Spanglish – 3 Stars (Good)
Spanglish is a relationship movie with a surprise ending in which the two main characters in the movie actually do the right thing.
The plot is about a Mexican woman who emigrates to the United States with her daughter after a failed relationship in search of a better life. She becomes a housekeeper for a luxury family with some relationship problems and becomes emotionally involved with her husband.
The husband (Adam Sandler) and the housekeeper (Paz Vega) manage to almost lose him but do not act on their impulses, separating in the end and the husband returns to his dysfunctional wife (Tea Leoni) and their two children, and the housekeeper of keys moving on to another chapter of his life.
This is very different from Hollywood where the Tinsel Town filmmakers just can’t seem to get enough sex, violence, and obscenity in a movie like this with no regard for ethics, values, or morals.
Everyone who really matters in this movie is sentient, except for the wife (who should know better) and the housekeeper’s daughter (who is young and immature).
All you need to know about the cruel wife is that she buys her daughter new clothes that are two sizes too small as an incentive for her to lose weight. The daughter is overweight and unattractive, but she is also smart, sensitive, and funny. The wife then manages to fall into an illicit affair due to her insecurity and poor self-image.
The role of wife Deborah is so out of character that she is an amazing character involved in what is otherwise a good movie with some great messages.
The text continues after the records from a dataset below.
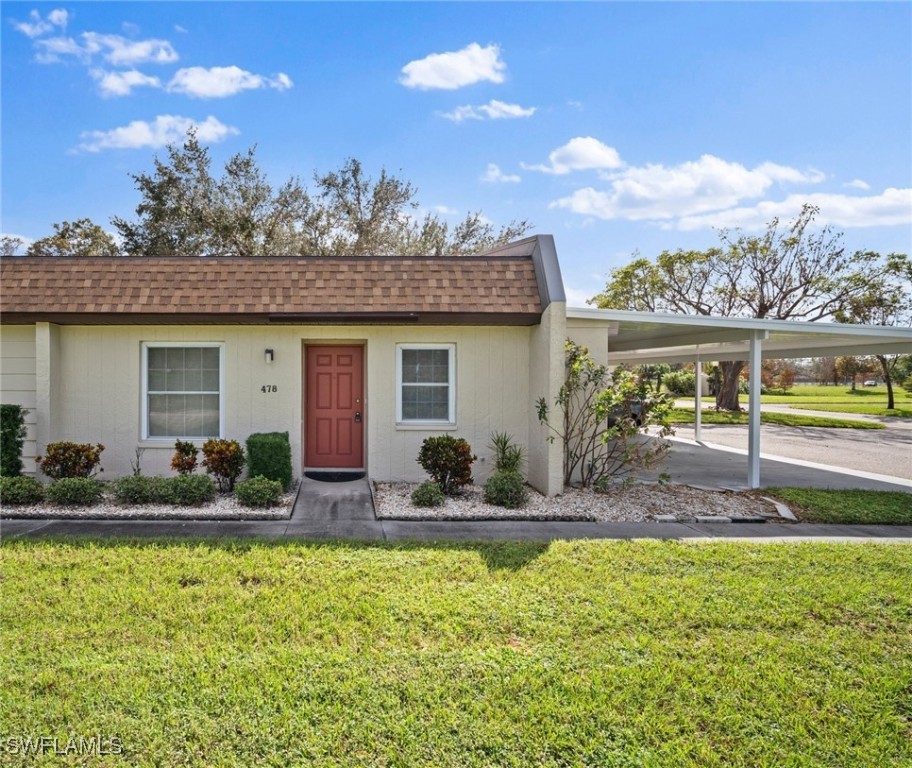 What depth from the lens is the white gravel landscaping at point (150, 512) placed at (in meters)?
7.00

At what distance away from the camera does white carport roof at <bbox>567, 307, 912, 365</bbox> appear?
906cm

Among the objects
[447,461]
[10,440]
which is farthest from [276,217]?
[447,461]

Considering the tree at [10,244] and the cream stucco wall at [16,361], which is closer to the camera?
the cream stucco wall at [16,361]

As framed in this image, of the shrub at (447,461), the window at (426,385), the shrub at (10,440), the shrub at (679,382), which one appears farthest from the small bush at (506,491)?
the shrub at (679,382)

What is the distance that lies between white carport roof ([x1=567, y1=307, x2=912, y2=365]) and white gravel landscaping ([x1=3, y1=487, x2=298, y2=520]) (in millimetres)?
5372

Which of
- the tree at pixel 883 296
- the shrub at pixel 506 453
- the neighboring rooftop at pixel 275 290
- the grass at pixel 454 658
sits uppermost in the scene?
the tree at pixel 883 296

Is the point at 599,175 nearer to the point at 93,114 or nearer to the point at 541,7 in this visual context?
the point at 541,7

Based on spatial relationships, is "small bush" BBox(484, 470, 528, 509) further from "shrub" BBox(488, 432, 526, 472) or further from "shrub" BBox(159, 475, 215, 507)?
"shrub" BBox(159, 475, 215, 507)

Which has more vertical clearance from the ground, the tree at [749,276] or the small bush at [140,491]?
the tree at [749,276]

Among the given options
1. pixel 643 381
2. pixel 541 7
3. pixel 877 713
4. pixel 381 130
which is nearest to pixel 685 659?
pixel 877 713

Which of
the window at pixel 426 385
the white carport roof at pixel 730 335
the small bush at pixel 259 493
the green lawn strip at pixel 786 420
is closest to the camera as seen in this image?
the small bush at pixel 259 493

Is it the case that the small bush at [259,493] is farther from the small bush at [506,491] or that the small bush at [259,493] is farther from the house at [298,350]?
the small bush at [506,491]

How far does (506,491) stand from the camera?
25.6ft

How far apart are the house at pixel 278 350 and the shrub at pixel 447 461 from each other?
2.67 ft
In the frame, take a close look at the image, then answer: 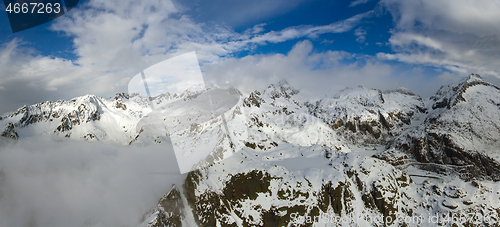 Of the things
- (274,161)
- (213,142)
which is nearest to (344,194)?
(274,161)

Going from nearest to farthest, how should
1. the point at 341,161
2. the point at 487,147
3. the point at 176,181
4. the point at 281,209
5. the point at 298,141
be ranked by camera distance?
the point at 281,209
the point at 341,161
the point at 176,181
the point at 487,147
the point at 298,141

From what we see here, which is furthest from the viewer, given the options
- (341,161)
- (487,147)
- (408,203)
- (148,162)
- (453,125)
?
(148,162)

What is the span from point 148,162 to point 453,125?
226953 mm

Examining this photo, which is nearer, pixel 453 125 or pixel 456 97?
pixel 453 125

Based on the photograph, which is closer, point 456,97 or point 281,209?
point 281,209

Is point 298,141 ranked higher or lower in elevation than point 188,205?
lower

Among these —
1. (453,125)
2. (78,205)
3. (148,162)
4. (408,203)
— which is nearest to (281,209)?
(408,203)

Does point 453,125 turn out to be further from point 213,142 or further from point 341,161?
point 213,142

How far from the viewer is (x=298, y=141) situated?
19962 centimetres

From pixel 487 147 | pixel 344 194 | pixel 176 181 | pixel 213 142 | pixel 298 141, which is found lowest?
pixel 298 141

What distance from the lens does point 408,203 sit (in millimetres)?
84125

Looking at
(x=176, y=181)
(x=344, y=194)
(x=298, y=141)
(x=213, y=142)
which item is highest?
(x=213, y=142)

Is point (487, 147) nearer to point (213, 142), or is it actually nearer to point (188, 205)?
point (213, 142)

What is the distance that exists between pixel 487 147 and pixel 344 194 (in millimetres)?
117505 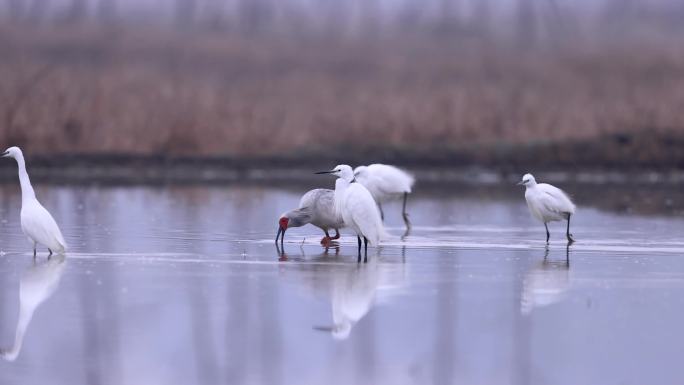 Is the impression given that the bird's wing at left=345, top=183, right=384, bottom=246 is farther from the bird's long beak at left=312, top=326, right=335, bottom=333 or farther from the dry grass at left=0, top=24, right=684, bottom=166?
the dry grass at left=0, top=24, right=684, bottom=166

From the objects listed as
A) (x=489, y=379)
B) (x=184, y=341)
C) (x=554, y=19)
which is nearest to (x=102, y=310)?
(x=184, y=341)

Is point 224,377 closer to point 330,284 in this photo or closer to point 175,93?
point 330,284

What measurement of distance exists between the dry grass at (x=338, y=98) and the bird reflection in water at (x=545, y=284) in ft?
47.2

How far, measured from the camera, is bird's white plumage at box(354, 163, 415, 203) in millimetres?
16766

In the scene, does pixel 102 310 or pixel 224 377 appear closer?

I credit Tea Leoni for taking on this despicable role and proving that you can blow an air gun in her ear and feel a constant breeze on the other side.
The husband, who becomes a famous chef, is sometimes empty, but he also shows some sensitivity, understanding, and compassion, while his wife is totally self-absorbed. I would watch this movie again and be further shaken by the wife’s character, activity and decision making.
It’s great to see Adam Sandler in a more serious acting effort than another goofy, stupid comedy like Punch-Drunk Love. Sandler may not be Hollywood’s answer to the next great actor, but he’s capable of more than just great comedy; we have to find out how much more.
Spanglish doesn’t benefit at all from its title, which comes from a combination of Spanish and English (the housekeeper in the film initially trusts her daughter to speak English because she can’t). In fact, there was a translator on set because Paz Vega didn’t speak English and James L. Brooks (the director) didn’t speak Spanish.
Unfortunately, the title seems cute and sophomore and doesn’t tell us anything about the nature of the movie or its message. The title, which could have helped build an audience for the film, does not induce any emotion or imagination. Spanglish won a couple of awards, but you won’t find any major nominations or Oscars here.
The film is written and directed by James L. Brooks, usually a recipe for a terrible movie, but Brooks has broken the mold.
Brooks may be the first writer/director I haven’t deliberately criticized because of a terrible product. He manages to tell a story worth watching and makes the characters seem more real and involved when it matters, instead of wasting footage with another meaningless sex scene to boost ratings.
Many Americans love sex, filth, and violence. If you don’t believe it, watch a movie, turn on your TV or play a video game (they do it because consumers almost demand it). Give Brooks credit for drawing the line and making the characters more important than any rating they can generate.